The Seven Warring States or Seven Kingdoms (戰國七雄 (战国七雄, zhàn guó qī xióng)) were the seven leading hegemonic states during the Warring States period (c. 475 to 221 BCE) of ancient China:

- Han (Note: Frequently rendered Hann, to clearly distinguish it from China's later Han dynasty.) (韓/韩), defeated by Qin in 230 BCE
- Zhao (趙/赵), defeated by Qin in 228 BCE
- Wei (魏), defeated by Qin in 225 BCE
- Chu (楚), defeated by Qin in 223 BCE
- Yan (燕), defeated by Qin in 222 BCE
- Qi (齊/齐), defeated by Qin in 221 BCE
- Qin (秦)

During the Eastern Zhou dynasty, the weakened Zhou central sovereignty quickly lost control of its confederate vassal states, and the numerous autonomous states began overreaching and expanding their political ambitions via diplomacy and warfare, sparking a period of chaotic conflicts known as the Spring and Autumn period. After most of the smaller, weaker states were conquered and annexed by larger states, the geopolitical landscape eventually became dominated by seven most powerful states, and wars became increasingly pitched and violent. Over the Warring States period, many of the seven states underwent bureaucratic and military reforms in order to mobilise resources on a greater scale. This led to an intensification of warfare over the period, but also led to significant economic and cultural developments.

Of the Seven Warring States, the state of Qin grew to be the strongest and eventually conquered and successfully annexed the other six states; Han was the first to fall in 230 BCE, while Qi was the last to surrender in 221 BCE. Ying Zheng, the king of Qin, created the new title of Huangdi and became China's first emperor, Qin Shi Huang. The Qin state then became the Qin dynasty, and China entered its Imperial era, which lasted over the next two millennia.

==Formation==

The formation of the Seven Warring States was the culmination of trends during the preceding Spring and Autumn period, when the patchwork of states created by the Western Zhou dynasty were conquered and absorbed through warfare, coalescing into seven larger polities.
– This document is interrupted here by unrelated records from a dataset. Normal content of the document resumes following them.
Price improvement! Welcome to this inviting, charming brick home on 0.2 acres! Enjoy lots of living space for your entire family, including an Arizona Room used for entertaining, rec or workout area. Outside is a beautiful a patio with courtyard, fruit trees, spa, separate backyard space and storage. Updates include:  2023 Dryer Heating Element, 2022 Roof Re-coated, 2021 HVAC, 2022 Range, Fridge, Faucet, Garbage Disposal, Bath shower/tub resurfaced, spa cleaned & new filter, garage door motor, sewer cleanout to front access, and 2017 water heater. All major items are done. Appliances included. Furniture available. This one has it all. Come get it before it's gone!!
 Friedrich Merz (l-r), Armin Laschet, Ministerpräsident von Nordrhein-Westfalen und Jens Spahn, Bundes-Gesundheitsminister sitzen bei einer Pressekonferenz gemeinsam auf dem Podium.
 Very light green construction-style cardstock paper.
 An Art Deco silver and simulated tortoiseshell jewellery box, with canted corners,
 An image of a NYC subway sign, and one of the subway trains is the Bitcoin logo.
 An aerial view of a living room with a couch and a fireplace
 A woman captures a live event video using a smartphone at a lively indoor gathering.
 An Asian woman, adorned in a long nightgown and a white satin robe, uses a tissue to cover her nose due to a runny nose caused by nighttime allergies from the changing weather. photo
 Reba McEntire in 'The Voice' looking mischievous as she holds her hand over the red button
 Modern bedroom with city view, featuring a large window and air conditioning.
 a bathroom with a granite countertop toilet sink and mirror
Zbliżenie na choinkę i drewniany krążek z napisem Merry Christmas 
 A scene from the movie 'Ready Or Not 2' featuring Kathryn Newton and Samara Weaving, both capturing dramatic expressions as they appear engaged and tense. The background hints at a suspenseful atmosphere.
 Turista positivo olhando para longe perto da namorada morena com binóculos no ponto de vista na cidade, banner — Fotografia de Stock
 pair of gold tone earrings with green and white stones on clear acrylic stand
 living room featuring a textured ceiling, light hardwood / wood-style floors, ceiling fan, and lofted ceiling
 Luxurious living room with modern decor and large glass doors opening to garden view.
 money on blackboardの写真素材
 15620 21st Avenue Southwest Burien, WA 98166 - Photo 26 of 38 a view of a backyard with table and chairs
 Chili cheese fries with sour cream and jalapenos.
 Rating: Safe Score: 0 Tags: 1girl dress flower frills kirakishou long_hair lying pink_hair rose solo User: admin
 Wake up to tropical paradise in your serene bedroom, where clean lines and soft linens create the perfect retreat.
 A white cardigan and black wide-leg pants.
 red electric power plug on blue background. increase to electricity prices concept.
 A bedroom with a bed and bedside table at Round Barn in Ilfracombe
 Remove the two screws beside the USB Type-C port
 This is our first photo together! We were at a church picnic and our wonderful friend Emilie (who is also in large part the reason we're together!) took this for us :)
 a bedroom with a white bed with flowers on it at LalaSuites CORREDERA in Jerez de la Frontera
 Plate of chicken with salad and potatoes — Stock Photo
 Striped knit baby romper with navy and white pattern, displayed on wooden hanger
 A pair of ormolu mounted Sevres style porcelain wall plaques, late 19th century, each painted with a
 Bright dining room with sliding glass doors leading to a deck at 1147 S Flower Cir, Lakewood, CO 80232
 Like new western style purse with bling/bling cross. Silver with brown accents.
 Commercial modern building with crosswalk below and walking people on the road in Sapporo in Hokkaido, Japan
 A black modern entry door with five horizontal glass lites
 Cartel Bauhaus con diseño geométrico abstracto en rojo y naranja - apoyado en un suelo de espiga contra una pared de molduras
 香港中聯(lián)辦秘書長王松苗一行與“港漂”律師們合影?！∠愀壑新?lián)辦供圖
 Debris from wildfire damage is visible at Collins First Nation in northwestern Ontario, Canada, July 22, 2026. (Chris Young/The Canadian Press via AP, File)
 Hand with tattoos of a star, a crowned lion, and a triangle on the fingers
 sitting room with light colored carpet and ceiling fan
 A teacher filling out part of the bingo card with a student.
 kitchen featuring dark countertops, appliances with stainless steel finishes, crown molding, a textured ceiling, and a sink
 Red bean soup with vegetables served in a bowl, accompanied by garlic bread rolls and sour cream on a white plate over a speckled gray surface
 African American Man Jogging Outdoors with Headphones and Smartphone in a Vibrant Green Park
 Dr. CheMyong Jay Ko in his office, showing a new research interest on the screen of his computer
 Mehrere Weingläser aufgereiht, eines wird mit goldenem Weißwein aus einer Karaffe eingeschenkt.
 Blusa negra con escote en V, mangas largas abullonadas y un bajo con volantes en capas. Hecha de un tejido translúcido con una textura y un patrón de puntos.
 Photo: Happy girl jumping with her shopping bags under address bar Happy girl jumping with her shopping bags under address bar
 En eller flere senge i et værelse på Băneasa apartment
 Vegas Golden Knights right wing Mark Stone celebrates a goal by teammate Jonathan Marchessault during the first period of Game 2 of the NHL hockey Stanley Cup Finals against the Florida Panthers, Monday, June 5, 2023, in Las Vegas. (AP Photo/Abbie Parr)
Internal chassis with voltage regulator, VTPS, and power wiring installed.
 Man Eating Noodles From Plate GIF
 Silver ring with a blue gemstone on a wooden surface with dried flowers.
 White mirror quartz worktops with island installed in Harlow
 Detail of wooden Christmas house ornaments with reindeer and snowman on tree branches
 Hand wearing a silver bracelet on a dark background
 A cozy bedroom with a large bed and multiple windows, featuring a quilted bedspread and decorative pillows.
Qin, Qi, Chu and Yan already existed as states during that period; Qin and Yan, owing to their remote locations, were traditionally considered second-tier powers, while Chu and Qi were among the dominant states of the period, in direct competition with the state of Jin. In 403 BCE, King Weilie of Zhou recognized Jin's partition, leading to the creation of three new states: Wei, Zhao and Han. Other major states included Wu and Yue, with the latter conquering the former in 473 BCE.

Minor Chinese and sinicized states and polities continued to exist well into the Warring States era, such as Shu (annexed by Qin in 316 BCE), Zhongshan (annexed by Zhao in 296 BCE), Song (annexed by Qi in 286 BCE), and Lu (annexed by Chu in 256 or 249 BCE).

These political changes led to changes amongst the ruling families as well: in 481 BCE, the Tian clan usurped the state of Qi in a coup and replaced the ruling Jiang clan. Meanwhile, the state of Jin, which had been controlled by different noble clans for decades, was partitioned between the Han, Zhao and Wei clans in 403 BCE.